OneContext Structured Query Language
OneContext allows you to use a custom "Structured Query Language" to filter your embeddings in your vectorDB at runtime.
The syntax is quite similar to what you might find in no-SQL databases like MongoDB, even though it operates on a SQL database at its core.
The syntax is based around the application of operators
. There are two levels of operators. You can interpret the two levels as "aggregators" and "comparators".
Aggregators
The aggregator operators you can use are:
Key | Value Description |
---|---|
$and |
Returns True i.f.f. all of the conditions in this block return True. |
$or |
Returns True if any of the conditions in this block return True. |
Comparators
The comparator operators you can use are:
Key | Value Description | Suppled Value Type | Returned Value Type |
---|---|---|---|
$eq |
Returns True if the value returned from the DB is equal to the supplied value. | string | int | float |
string | int | float |
$gt |
Returns True if the value returned from the DB is greater than the supplied value. | int | float |
int | float |
$lt |
Returns True if the value returned from the DB is less than the supplied value. | int | float |
int | float |
$in |
Returns True if the value returned from the DB is contained by the supplied array. | array<string | int | float> |
string | int | float |
$contains |
Returns True if the array value returned from the DB contains the supplied value. | string | int | float |
array<string | int | float> |
Putting it all together
Using the above building blocks, it's pretty simple to put together quite an advanced composite filter across your embeddings at runtime.
For example in Python you could define some metadata filters like the below:
override_meta_filters = { "$and": [
{"$or": [
{"file_name": {"$eq":"test_file1.txt"}},
{"file_name": { "$in": ["test_file1.txt", "test_file2.txt", "test_file3.txt"}}
]},
{"tag": {"$eq": "test"}},
{"lexrank.percentile_score": {"$gt" : 0.5}},
{"kmeans.percentile_score" : {"$gt" :0.4}}
]}
Indexing into the metadata_json dictionary
The metadata_json field on the Chunk
objects are all stored and indexed as
postgres jsonb
fields.
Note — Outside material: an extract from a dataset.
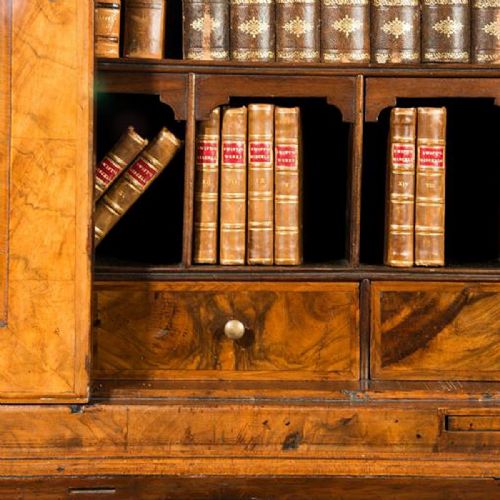 A SUPERB WILLIAM MARY PERIOD WALNUT BUREAU BOOKCASE - ADDITIONAL PHOTO 7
That means
you can index into them as shown in the above example with
lexrank.percentile_score
and kmeans.percentile_score
. These attributes in the metadata_json dictionary themselves would appear as nested dictionaries, for example:
{"lexrank" : {"outright_score" : 1.83, "percentile_score" : "0.8"},
"kmeans" : {"outright_score" : 2.3, "percentile_score" : 0.9}}
However, OneContext's structured query language means you can just "dot" into the nested fields.